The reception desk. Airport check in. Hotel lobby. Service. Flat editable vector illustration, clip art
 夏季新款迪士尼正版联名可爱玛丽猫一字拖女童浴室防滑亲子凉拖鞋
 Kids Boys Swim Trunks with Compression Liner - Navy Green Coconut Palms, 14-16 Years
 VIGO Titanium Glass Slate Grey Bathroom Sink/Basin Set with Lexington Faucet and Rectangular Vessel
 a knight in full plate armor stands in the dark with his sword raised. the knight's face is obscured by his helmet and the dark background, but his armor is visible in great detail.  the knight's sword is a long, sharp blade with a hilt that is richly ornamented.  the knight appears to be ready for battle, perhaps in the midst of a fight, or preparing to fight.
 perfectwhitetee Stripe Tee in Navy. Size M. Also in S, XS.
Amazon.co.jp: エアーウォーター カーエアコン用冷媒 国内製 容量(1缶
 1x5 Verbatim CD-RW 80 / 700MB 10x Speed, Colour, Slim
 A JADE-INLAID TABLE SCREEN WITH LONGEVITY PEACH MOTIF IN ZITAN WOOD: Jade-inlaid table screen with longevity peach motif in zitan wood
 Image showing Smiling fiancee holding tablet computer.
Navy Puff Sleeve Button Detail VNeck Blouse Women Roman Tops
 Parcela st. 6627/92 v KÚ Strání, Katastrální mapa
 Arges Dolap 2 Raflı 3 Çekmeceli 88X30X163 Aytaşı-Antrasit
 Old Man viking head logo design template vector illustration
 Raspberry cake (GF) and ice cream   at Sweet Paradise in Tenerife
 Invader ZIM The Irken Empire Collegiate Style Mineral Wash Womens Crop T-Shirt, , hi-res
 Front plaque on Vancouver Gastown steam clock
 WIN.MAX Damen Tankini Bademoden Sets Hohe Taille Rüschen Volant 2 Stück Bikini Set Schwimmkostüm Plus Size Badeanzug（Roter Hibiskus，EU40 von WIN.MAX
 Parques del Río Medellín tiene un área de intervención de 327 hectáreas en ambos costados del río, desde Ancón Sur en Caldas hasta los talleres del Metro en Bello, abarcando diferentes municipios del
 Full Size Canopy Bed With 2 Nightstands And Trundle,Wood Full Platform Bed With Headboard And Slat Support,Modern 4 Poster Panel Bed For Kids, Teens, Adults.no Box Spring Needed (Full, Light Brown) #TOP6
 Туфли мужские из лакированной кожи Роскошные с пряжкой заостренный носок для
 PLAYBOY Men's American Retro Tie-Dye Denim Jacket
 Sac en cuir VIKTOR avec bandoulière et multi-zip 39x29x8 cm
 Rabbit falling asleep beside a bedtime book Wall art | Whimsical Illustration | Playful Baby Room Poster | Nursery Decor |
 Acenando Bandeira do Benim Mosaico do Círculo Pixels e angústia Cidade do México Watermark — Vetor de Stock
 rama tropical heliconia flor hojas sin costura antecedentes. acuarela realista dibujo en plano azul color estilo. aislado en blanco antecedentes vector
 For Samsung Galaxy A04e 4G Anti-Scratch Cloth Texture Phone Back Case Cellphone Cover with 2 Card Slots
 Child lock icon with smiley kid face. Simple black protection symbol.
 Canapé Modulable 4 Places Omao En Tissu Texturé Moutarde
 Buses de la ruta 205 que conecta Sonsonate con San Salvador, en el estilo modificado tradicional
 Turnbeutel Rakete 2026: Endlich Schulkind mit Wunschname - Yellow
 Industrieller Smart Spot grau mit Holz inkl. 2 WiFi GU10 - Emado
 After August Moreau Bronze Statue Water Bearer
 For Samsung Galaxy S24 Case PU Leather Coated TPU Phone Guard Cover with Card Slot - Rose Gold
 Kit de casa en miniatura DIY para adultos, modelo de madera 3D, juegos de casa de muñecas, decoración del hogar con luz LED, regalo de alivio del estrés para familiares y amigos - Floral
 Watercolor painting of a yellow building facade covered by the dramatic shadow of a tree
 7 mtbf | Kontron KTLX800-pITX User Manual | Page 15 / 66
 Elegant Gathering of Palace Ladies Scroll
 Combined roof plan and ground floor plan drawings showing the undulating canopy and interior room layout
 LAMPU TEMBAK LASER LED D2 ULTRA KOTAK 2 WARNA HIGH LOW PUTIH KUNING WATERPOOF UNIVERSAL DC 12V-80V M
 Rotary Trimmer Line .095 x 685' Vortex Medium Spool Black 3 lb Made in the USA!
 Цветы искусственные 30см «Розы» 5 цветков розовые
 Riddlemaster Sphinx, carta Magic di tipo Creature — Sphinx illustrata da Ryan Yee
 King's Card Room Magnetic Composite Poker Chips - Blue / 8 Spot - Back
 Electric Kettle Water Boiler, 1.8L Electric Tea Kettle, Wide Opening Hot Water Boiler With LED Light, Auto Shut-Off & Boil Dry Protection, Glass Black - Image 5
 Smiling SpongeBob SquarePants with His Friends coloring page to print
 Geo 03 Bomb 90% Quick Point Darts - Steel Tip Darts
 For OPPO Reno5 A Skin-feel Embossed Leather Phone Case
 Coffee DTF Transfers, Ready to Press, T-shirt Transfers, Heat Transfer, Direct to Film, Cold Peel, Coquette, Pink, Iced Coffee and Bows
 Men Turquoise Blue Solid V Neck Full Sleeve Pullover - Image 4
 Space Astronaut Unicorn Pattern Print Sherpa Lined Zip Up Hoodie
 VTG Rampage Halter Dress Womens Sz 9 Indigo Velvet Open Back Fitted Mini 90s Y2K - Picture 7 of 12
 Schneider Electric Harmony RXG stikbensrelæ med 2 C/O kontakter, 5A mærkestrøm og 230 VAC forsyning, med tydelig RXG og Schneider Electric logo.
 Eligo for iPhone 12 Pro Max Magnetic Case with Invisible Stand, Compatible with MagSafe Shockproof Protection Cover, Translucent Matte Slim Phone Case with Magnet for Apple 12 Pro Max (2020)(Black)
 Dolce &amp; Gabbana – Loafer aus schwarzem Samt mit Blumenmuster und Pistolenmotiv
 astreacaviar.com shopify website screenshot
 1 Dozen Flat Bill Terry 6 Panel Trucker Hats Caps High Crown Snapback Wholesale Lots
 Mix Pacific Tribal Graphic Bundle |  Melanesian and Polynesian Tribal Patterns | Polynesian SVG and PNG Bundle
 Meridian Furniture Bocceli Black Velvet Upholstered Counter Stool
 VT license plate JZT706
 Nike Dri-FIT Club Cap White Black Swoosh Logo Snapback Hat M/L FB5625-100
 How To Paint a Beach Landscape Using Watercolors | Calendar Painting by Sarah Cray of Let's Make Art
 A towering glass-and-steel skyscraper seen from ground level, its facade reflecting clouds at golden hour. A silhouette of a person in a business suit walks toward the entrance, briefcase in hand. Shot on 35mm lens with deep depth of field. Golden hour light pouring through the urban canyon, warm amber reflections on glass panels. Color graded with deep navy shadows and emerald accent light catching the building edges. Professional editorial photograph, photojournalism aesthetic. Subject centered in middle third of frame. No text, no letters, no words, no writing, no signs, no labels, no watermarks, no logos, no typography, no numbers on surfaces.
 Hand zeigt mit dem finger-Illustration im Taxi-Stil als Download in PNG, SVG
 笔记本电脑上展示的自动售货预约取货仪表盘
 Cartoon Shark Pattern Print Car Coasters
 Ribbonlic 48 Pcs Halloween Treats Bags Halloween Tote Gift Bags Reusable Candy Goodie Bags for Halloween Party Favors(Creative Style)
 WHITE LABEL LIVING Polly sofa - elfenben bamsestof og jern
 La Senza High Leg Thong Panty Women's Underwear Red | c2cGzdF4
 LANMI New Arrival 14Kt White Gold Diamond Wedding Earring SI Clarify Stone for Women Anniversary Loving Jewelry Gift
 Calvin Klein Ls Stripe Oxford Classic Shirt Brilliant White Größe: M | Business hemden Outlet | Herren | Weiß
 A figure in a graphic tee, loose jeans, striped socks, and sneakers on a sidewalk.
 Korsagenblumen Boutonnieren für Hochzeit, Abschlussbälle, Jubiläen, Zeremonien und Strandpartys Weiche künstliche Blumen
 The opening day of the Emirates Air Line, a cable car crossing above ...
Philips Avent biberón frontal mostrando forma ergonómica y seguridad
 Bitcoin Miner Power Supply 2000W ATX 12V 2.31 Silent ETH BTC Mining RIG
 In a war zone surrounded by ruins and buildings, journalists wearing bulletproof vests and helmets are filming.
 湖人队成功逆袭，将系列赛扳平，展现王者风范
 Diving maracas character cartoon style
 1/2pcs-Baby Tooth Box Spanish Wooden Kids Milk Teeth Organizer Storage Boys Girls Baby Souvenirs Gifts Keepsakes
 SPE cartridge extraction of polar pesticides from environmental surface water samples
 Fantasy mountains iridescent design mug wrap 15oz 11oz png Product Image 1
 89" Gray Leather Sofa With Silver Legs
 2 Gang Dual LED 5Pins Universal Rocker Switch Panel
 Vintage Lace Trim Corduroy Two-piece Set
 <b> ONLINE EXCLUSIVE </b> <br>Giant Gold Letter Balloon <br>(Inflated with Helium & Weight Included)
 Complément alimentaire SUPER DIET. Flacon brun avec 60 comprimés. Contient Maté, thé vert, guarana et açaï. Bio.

TASK DETAILS = Copy the stretch of the records above that runs from the line with "Parques del Río" through the line with "Buses de la". Both end lines belong in the copy, and nothing else does.

EXERCISE ANSWER =
 Parques del Río Medellín tiene un área de intervención de 327 hectáreas en ambos costados del río, desde Ancón Sur en Caldas hasta los talleres del Metro en Bello, abarcando diferentes municipios del
 Full Size Canopy Bed With 2 Nightstands And Trundle,Wood Full Platform Bed With Headboard And Slat Support,Modern 4 Poster Panel Bed For Kids, Teens, Adults.no Box Spring Needed (Full, Light Brown) #TOP6
 Туфли мужские из лакированной кожи Роскошные с пряжкой заостренный носок для
 PLAYBOY Men's American Retro Tie-Dye Denim Jacket
 Sac en cuir VIKTOR avec bandoulière et multi-zip 39x29x8 cm
 Rabbit falling asleep beside a bedtime book Wall art | Whimsical Illustration | Playful Baby Room Poster | Nursery Decor |
 Acenando Bandeira do Benim Mosaico do Círculo Pixels e angústia Cidade do México Watermark — Vetor de Stock
 rama tropical heliconia flor hojas sin costura antecedentes. acuarela realista dibujo en plano azul color estilo. aislado en blanco antecedentes vector
 For Samsung Galaxy A04e 4G Anti-Scratch Cloth Texture Phone Back Case Cellphone Cover with 2 Card Slots
 Child lock icon with smiley kid face. Simple black protection symbol.
 Canapé Modulable 4 Places Omao En Tissu Texturé Moutarde
 Buses de la ruta 205 que conecta Sonsonate con San Salvador, en el estilo modificado tradicional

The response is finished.